**DATA EXTRACTS**
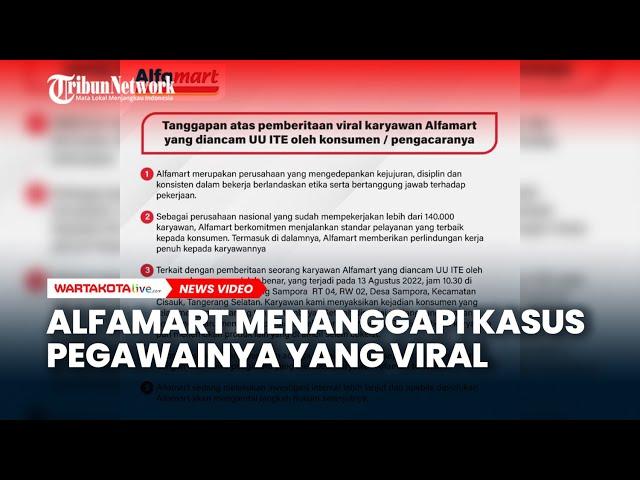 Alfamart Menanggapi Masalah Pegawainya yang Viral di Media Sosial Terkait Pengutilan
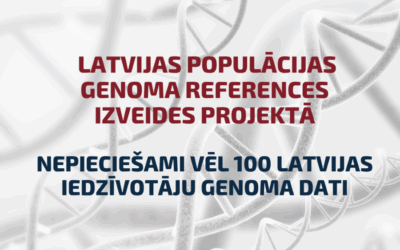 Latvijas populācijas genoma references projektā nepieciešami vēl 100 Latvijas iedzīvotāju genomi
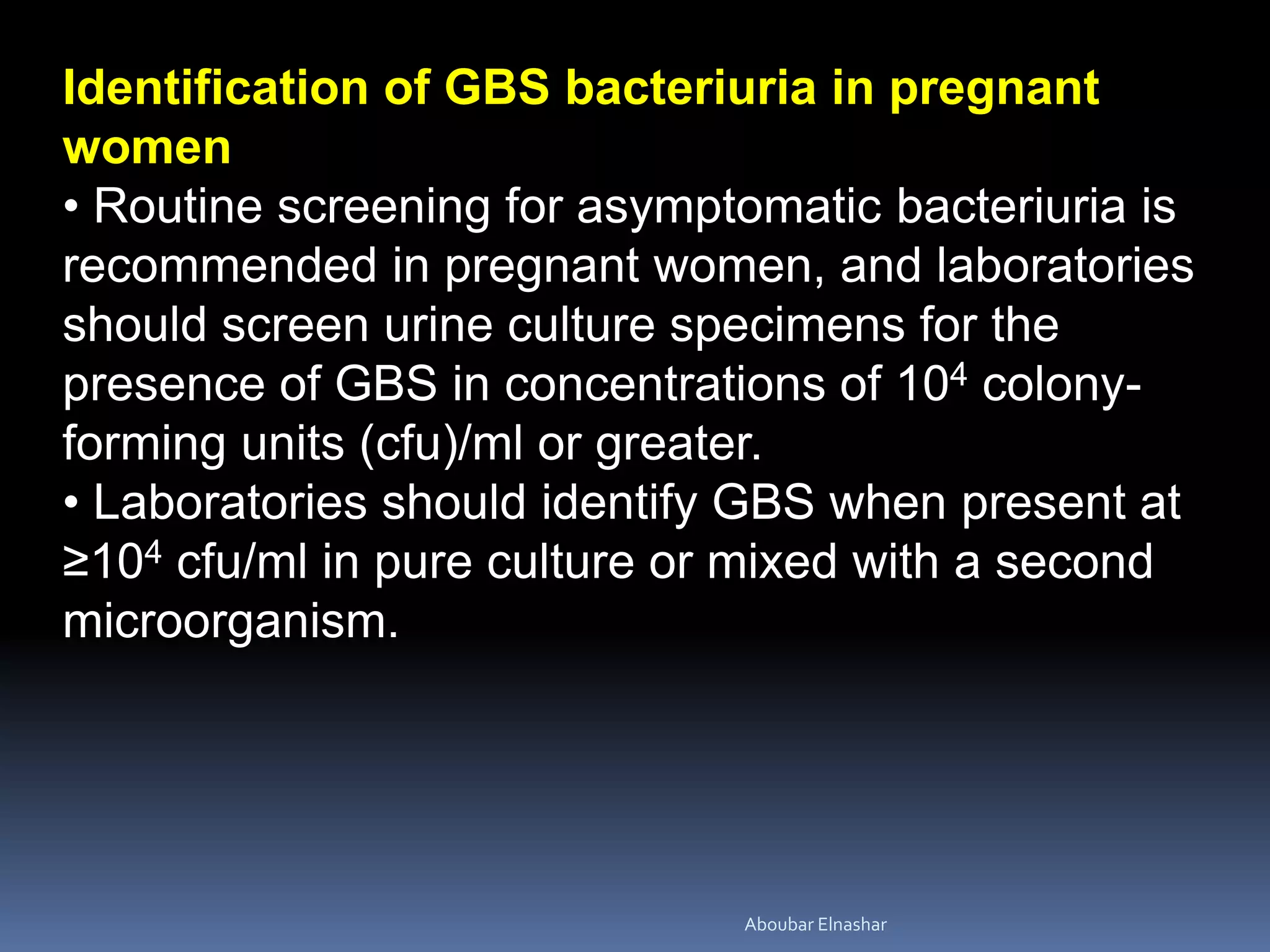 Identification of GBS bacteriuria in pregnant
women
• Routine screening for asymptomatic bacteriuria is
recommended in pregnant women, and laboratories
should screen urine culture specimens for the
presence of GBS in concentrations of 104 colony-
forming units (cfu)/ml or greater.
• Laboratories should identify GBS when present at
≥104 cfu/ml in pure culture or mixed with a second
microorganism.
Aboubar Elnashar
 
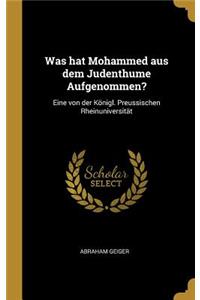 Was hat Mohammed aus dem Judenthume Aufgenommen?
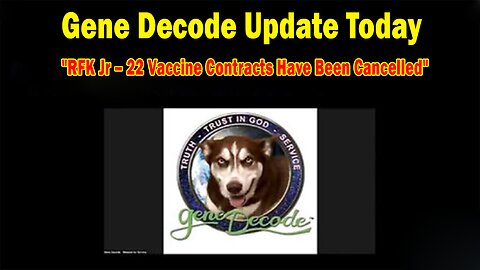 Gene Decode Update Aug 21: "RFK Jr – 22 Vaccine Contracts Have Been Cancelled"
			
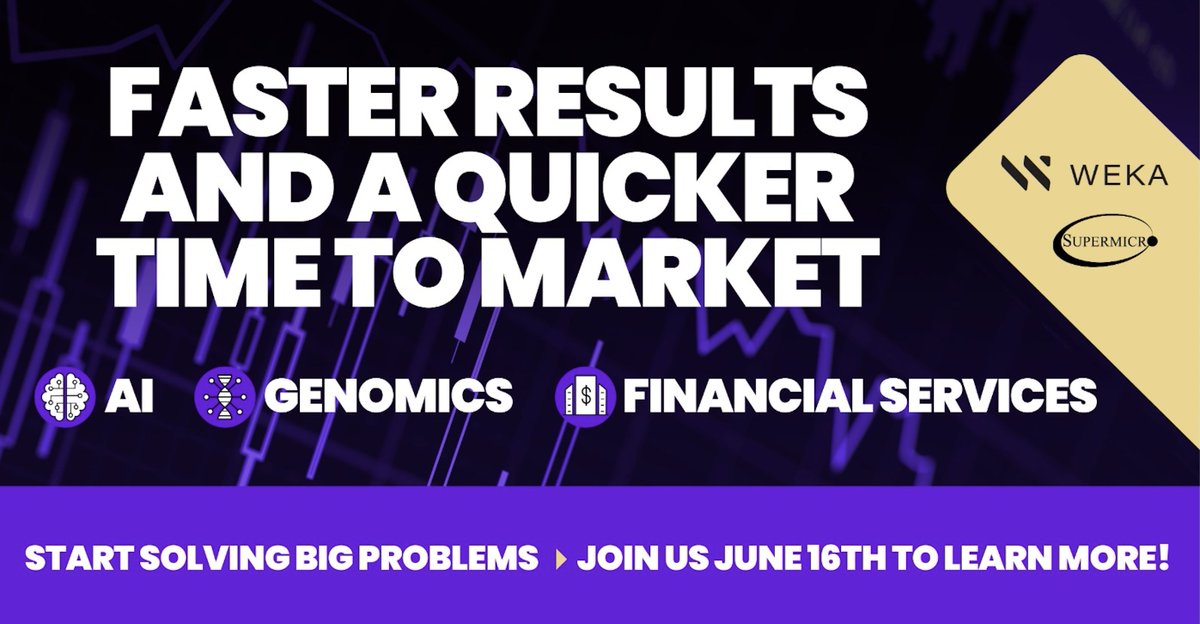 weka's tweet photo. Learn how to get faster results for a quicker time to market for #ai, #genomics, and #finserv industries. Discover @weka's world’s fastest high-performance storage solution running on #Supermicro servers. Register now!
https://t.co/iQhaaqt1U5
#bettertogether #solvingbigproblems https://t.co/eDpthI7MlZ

**PROMPT**
For your answer, write out the data exactly and drop every picture.

**RESPONSE BELOW**
 Alfamart Menanggapi Masalah Pegawainya yang Viral di Media Sosial Terkait Pengutilan
 Latvijas populācijas genoma references projektā nepieciešami vēl 100 Latvijas iedzīvotāju genomi
 Identification of GBS bacteriuria in pregnant
women
• Routine screening for asymptomatic bacteriuria is
recommended in pregnant women, and laboratories
should screen urine culture specimens for the
presence of GBS in concentrations of 104 colony-
forming units (cfu)/ml or greater.
• Laboratories should identify GBS when present at
≥104 cfu/ml in pure culture or mixed with a second
microorganism.
Aboubar Elnashar
 
 Was hat Mohammed aus dem Judenthume Aufgenommen?
 Gene Decode Update Aug 21: "RFK Jr – 22 Vaccine Contracts Have Been Cancelled"
			
 weka's tweet photo. Learn how to get faster results for a quicker time to market for #ai, #genomics, and #finserv industries. Discover @weka's world’s fastest high-performance storage solution running on #Supermicro servers. Register now!
https://t.co/iQhaaqt1U5
#bettertogether #solvingbigproblems https://t.co/eDpthI7MlZ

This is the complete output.